20. What Pacific island civilization built the famous Moai statues?

Show Answer
The Rapa Nui people of Easter Island (Rapa Nui). There are 887 statues, and contrary to popular myth, they weren’t all facing the ocean. Most face inland, watching over the villages.

 

 

Wars That Redrew the Map

21. World War I was triggered by the assassination of Archduke Franz Ferdinand. In what city was he killed?

This is where overconfidence in WWI knowledge gets tested. People know the name, but the city trips them up more than you’d expect.

Show Answer
Sarajevo, in modern-day Bosnia and Herzegovina. The assassin, Gavrilo Princip, was a 19-year-old Bosnian Serb. The car made a wrong turn. That wrong turn arguably killed 20 million people.

 

22. What country suffered the highest number of casualties in World War II?
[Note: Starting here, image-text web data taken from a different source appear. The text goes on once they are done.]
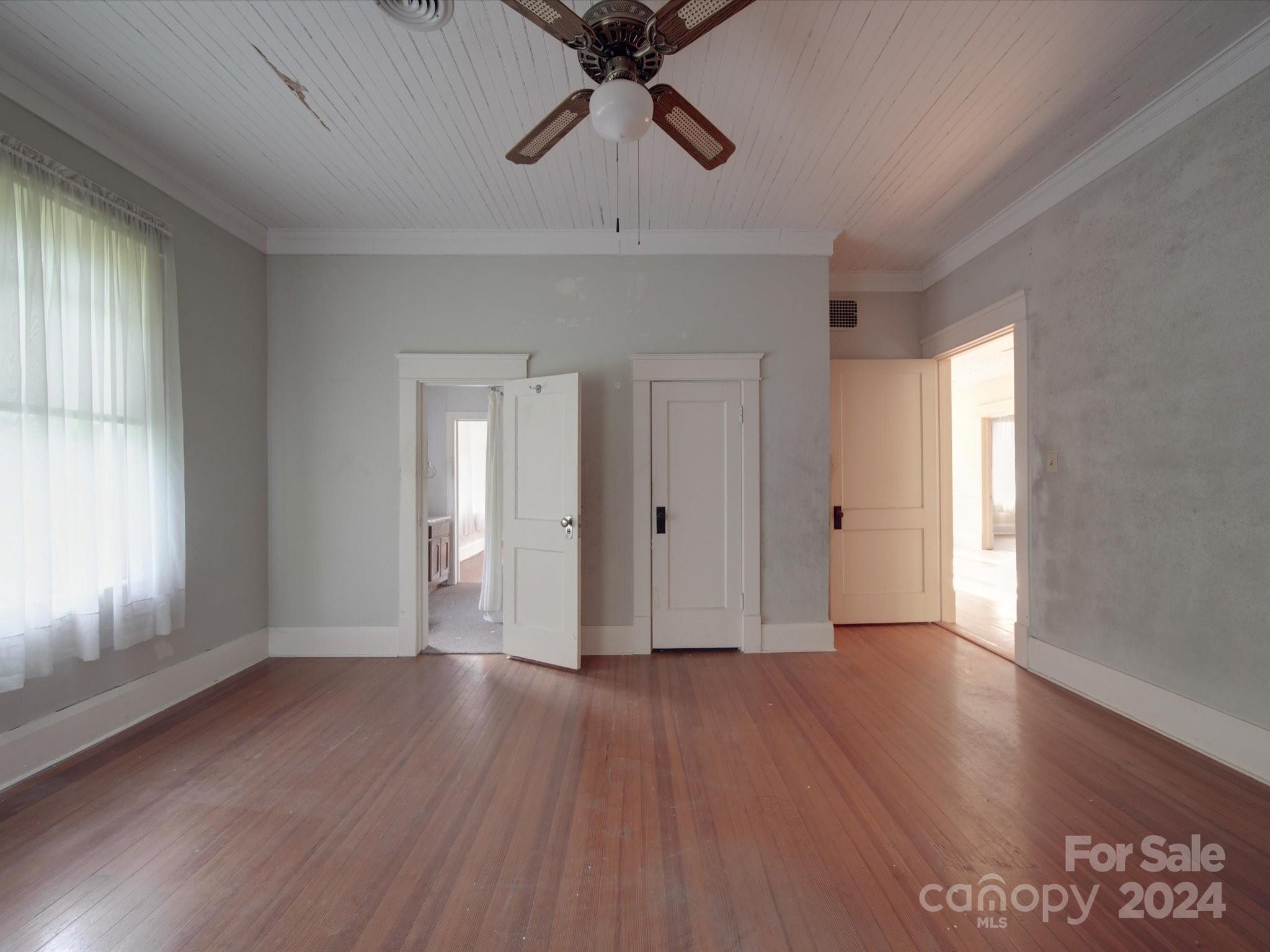 222 Leak Avenue Property Photo 40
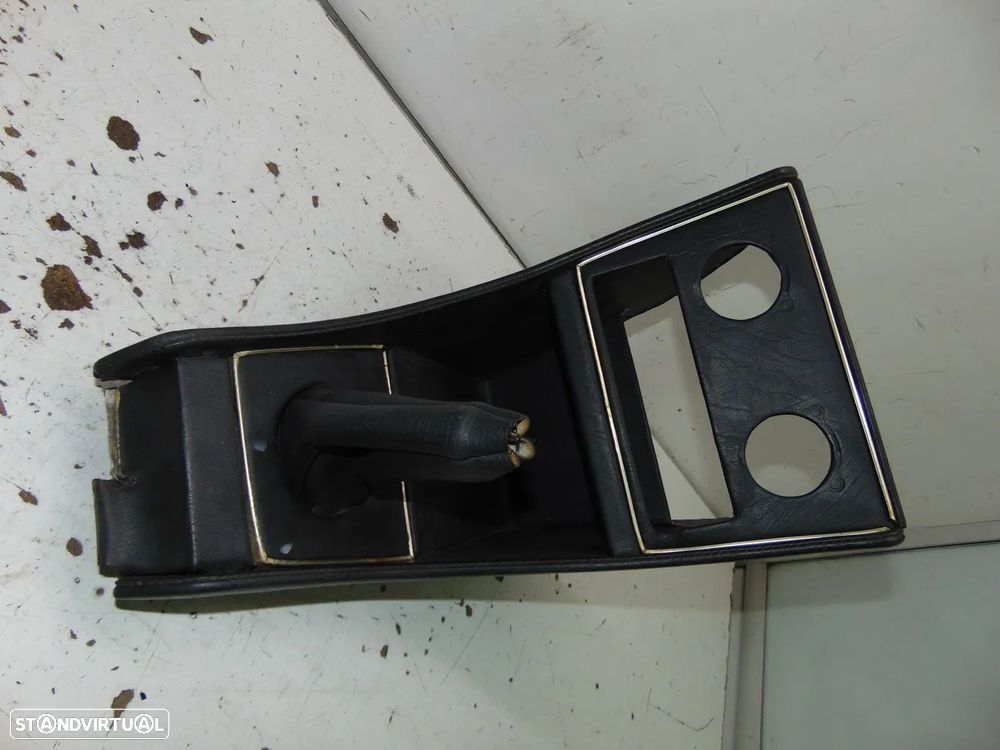 Antigos/clássicos consola central - 1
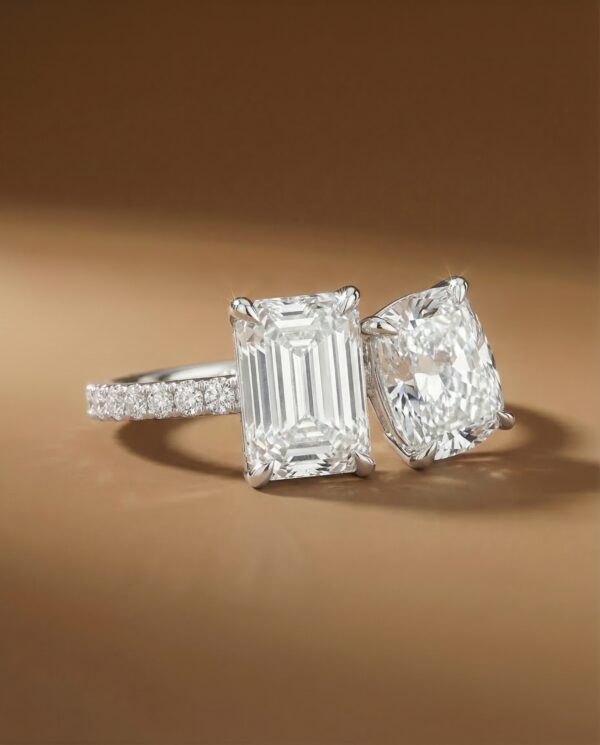 แหวนเพชร-Toi-et-Moi-Emerald-Cushion-Cut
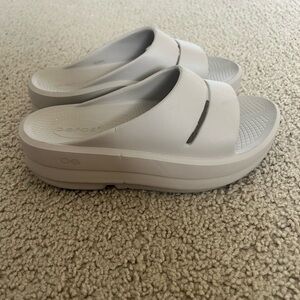 Oofos Women's Tan Slide Sandals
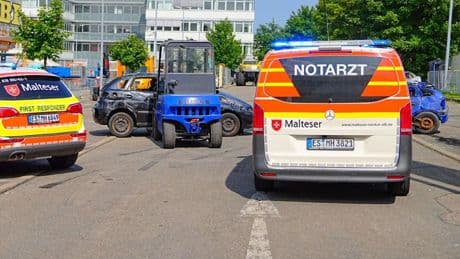 Schwerer Unfall: Auto fährt bei Stuntshow in Zuschauerbereich - Verletzte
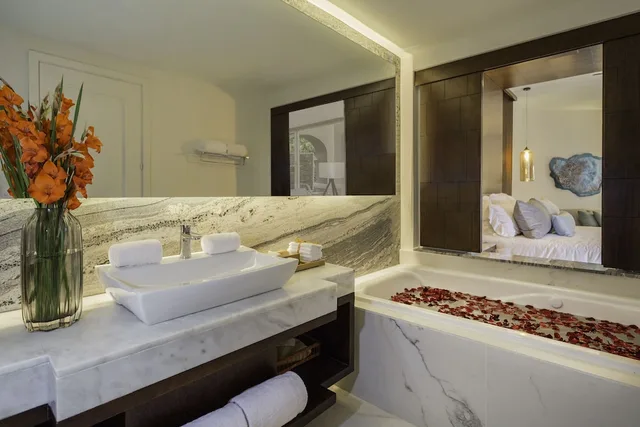 جناح جونيور بسريرين كوين بإطلالة جزئية على البحر، Secrets Royal Beach Punta Cana - Adults Only 2/2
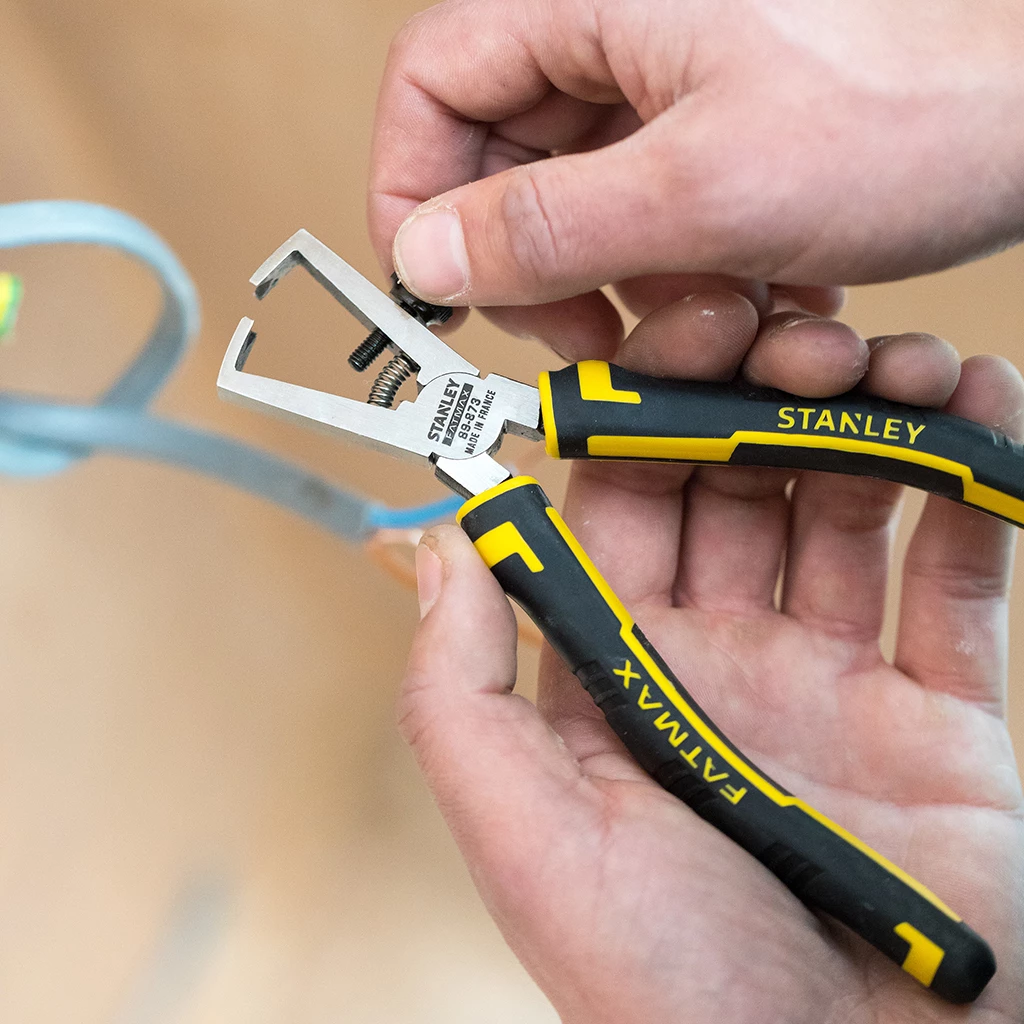 Stanley Pince Et Ciseaux 8098-160 TL Draadstriptang 160 Mm 4 Stanley Pince Et Ciseaux 8098-160 TL Draadstriptang 160 Mm – Image 4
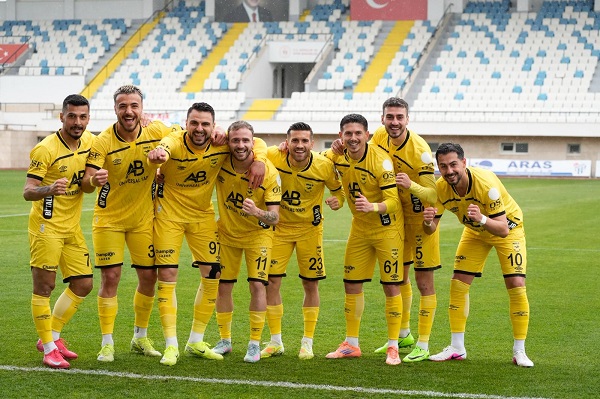 Adana 01 Futbol Galibiyet Serisini Sürdürüyor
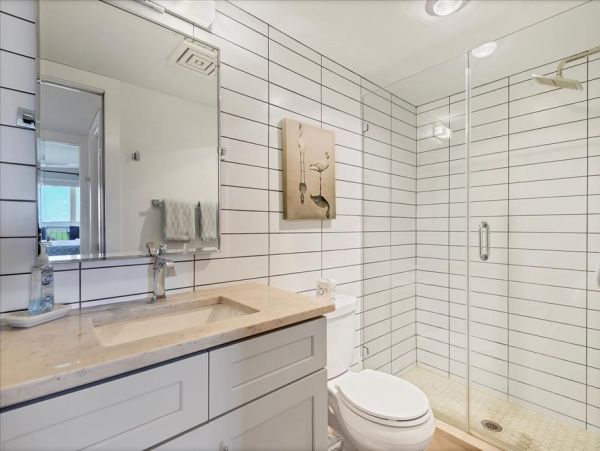 Bay Front Vacation Condo in Boca Grande Sleeps Six Guests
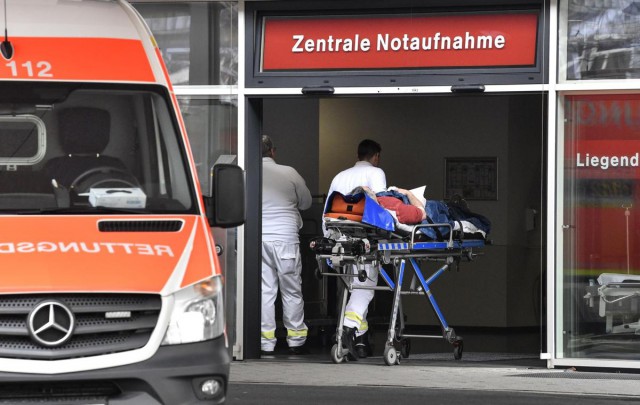 Germania: O maşină a lovit un autobuz şcolar lângă Hanovra; 16 răniţi, printre care 14 copii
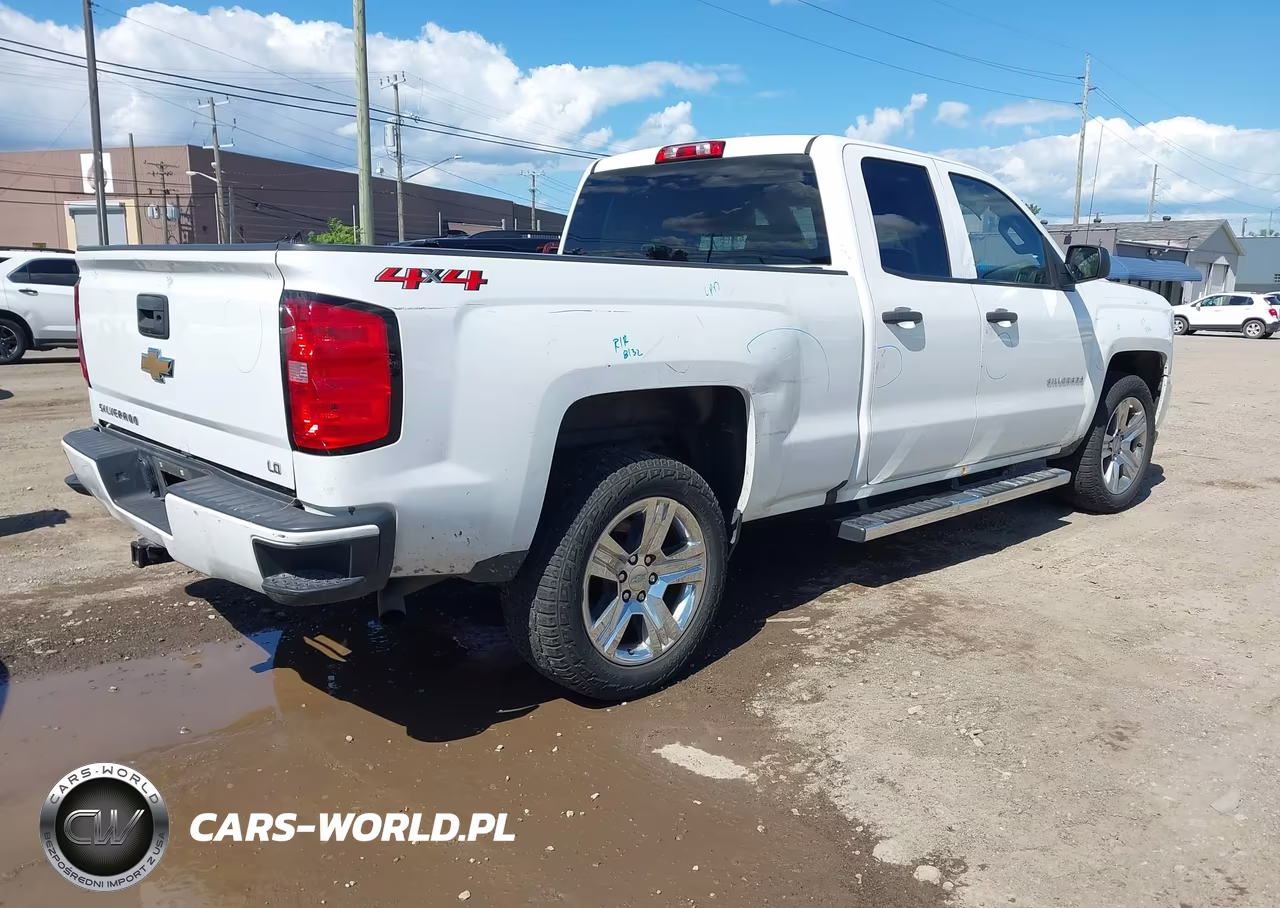 2019 Chevrolet Silverado 1500 Ld Silverado Custom VIN:2GCVKMEC9K1155695 - 4
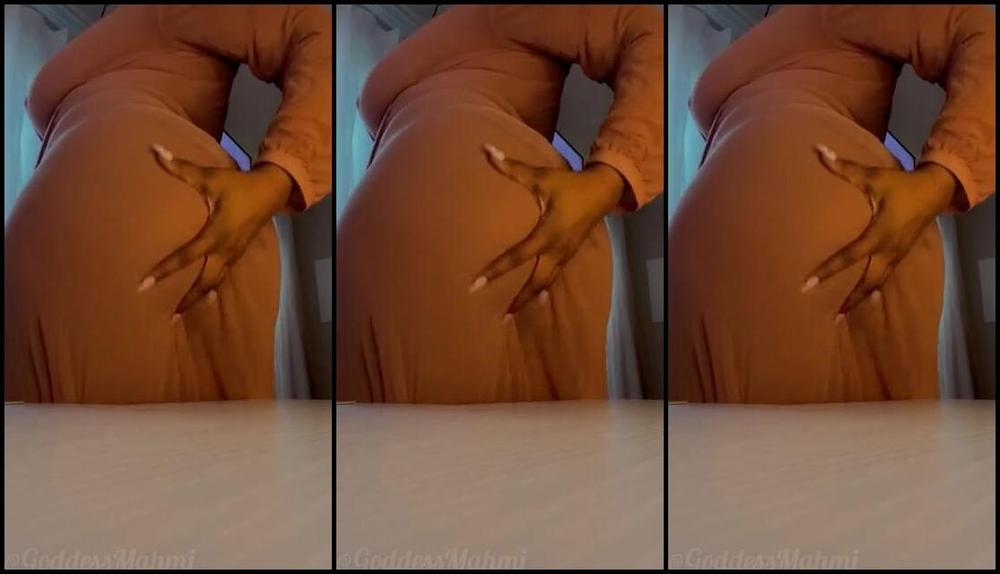 Goddess Mahmi Nicknamed Goddessmahmi 05 04 2024 Onlyfans Video A Joi For You Horny Boys You Love To Watch My Feet While I Work Teasing P0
This is the question that recalibrates every room I’ve ever asked it in.

Show Answer
The Soviet Union, with an estimated 24–27 million dead. The common wrong answer is Germany or China. Most people dramatically underestimate Soviet losses, which represented about 14% of the country’s prewar population.

 

23. The Hundred Years’ War was fought between England and France. How long did it actually last?

It’s a trick question that isn’t trying to be tricky. The name lies to you in plain sight.

Show Answer
116 years (1337–1453). It wasn’t one continuous war but a series of conflicts with long pauses. Nobody at the time called it the Hundred Years’ War, obviously.

 

24. What was the last major battle of the Napoleonic Wars?

Show Answer
The Battle of Waterloo, fought on June 18, 1815, in present-day Belgium. Napoleon was defeated by a coalition led by the Duke of Wellington and Prussian Field Marshal Blücher.

 

25. The Boer Wars were fought in what modern-day country?

Show Answer
South Africa. The wars (1880–1881 and 1899–1902) were fought between the British Empire and the Boer republics. The British invented concentration camps during the second one, a fact that doesn’t get enough airtime.

 

26. What 1937 event, involving the massacre of civilians by Japanese forces, is sometimes called “The Forgotten Holocaust of World War II”?

Show Answer
The Nanjing Massacre (also called the Rape of Nanking). Estimates of those killed range from 40,000 to over 300,000 Chinese civilians and disarmed soldiers over six weeks.

 

27. The Treaty of Versailles ended World War I. In what famous building was it signed?

Show Answer
The Hall of Mirrors at the Palace of Versailles. The same room where the German Empire had been proclaimed in 1871 after defeating France. The symbolism was very much the point.

 

28. What was the name of the military alliance between Germany, Italy, and Japan during World War II?

Show Answer
The Axis Powers. The term originated from a 1936 treaty between Germany and Italy, with Mussolini declaring that the Rome-Berlin line was an “axis” around which Europe would revolve.

 

29. The Korean War began in 1950. Has a formal peace treaty ever been signed?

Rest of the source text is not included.